> **Your goal**
Retype the material that follows exactly, limited to the lines from the one with "The Crown Jewels – Tribute to Queen" through the one with "Kisti golfing logo", and keep out all pictures.

> **Task input**
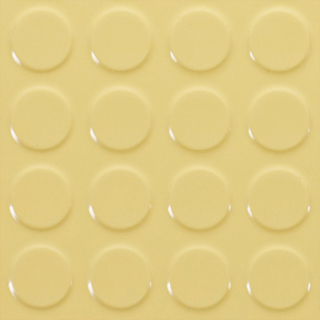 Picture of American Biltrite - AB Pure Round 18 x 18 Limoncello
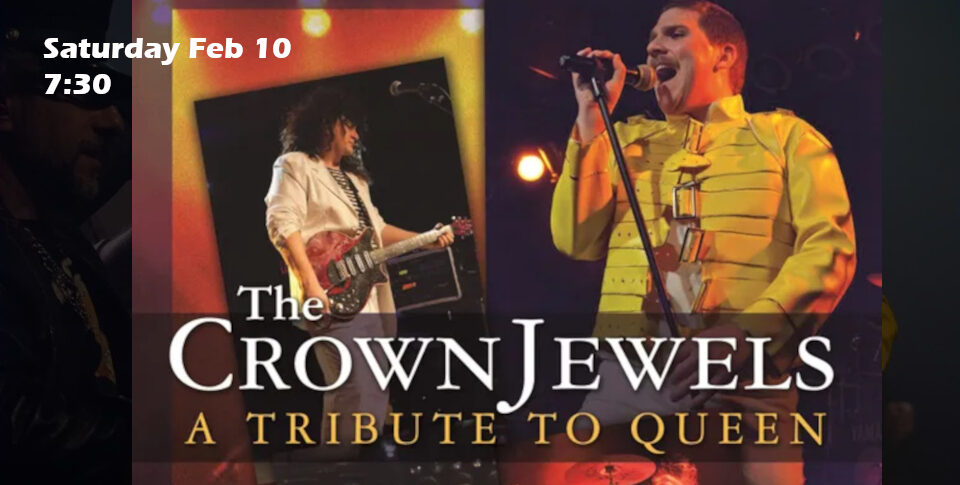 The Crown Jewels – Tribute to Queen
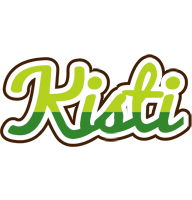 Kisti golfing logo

--

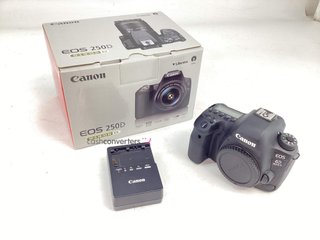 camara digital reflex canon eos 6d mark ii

> **Answer section**
 The Crown Jewels – Tribute to Queen
 Kisti golfing logo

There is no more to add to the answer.